Kate Gregory “Naming is Hard: Let's Do Better” and what lesson we can learn from it

It doesn’t seem like a good name, agreed, but with no context, it’s hard to be sure. Domain knowledge may change the calculus.

For example, SNR is a far better name than signal_to_noise_ratio for those working in a domain. Even in plain spoken language, everyone I know say “ess-enn-are” because it’s a better name.

5 Likes

FYI, this goes by the name of Hungarian notation – that should help you search for opinions for/against :slight_smile:

PS: Interesting meta-comment on non-descriptive names :upside_down_face:

3 Likes

I can still remember first reading programming tutorials and being so utterly confused about why everything was MyClass or $my_var when there was also self.x and/or this->y magic. Like who is me, myself, and that? Why are we all so special!? Who is talking to who and what is on second base? Of course, folks were trying to helpfully show that these “my” things were the arbitrary names, but that just flew right over my head.
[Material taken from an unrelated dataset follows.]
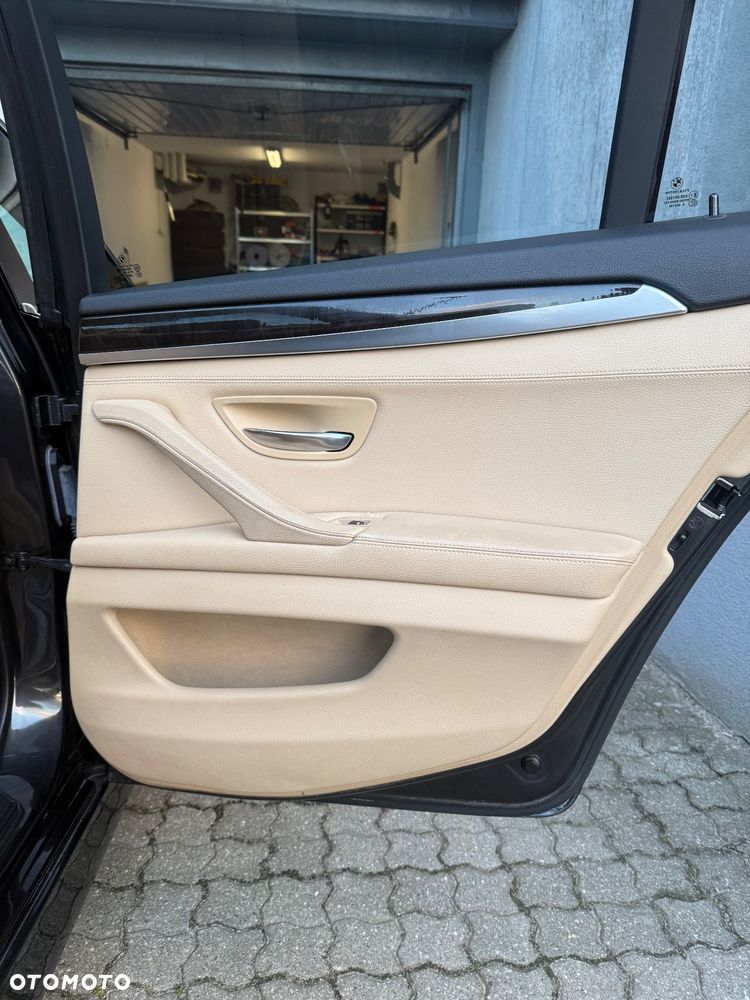 BMW Seria 5 520d xDrive - 21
It’s so easy to see now what is “magic” and what are stand-ins that it can be hard to realize/remember how those first exposures to arbitrary exemplar names read and feel. For example, I’d argue that dict1 = Dict() is perhaps worst of all worlds, for exactly that reason — why is it dict1 and not dict or even Dict? It’s so hard to come up with good simple examples that aren’t so trivial they lose all meaning, but that’s where learning happens. The very best examples aren’t even generic, but are something that your audience cares about — so even better than phone_book = Dict("Jenny"=>"867…") might be a ticker_lookup = Dict("MSFT" => "Microsoft") or chemical_compounds = Dict("water" => "H₂O").

8 Likes

why is it dict1 and not dict or even Dict

I always thought the opposite, dict1 looked reasonably non-specific that I’d understand that’s probably arbitrary. Especially if there’s also a dict2 = Dict(). But dict = Dict() would have confused me into thinking it would always have to be a pair of something = Something().
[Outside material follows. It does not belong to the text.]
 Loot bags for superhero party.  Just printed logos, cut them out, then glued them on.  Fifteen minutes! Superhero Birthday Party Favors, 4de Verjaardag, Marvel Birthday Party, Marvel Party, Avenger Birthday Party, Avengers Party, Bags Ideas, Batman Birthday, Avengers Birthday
I used to research eye movements, there are probably papers about how experienced / inexperienced coders scan code. For example, to understand what a function does you kind of have to jump to the arguments first, so that you know which names in the function body are essentially arbitrary, and which reference external things.

3 Likes

My strategy for variable names within functions is to keep said functions super-simple so that it does not matter. Whenever possible, a function should Do One Thing :tm:, be short, and easy do overview. This is not always possible but it is an ideal to strive for, then d1 or dict1 or x or whatever is fine, it is “local”.

Function and type names require more thought. But I don’t let this break the flow. I can always rename when I refactor, which happens anyway.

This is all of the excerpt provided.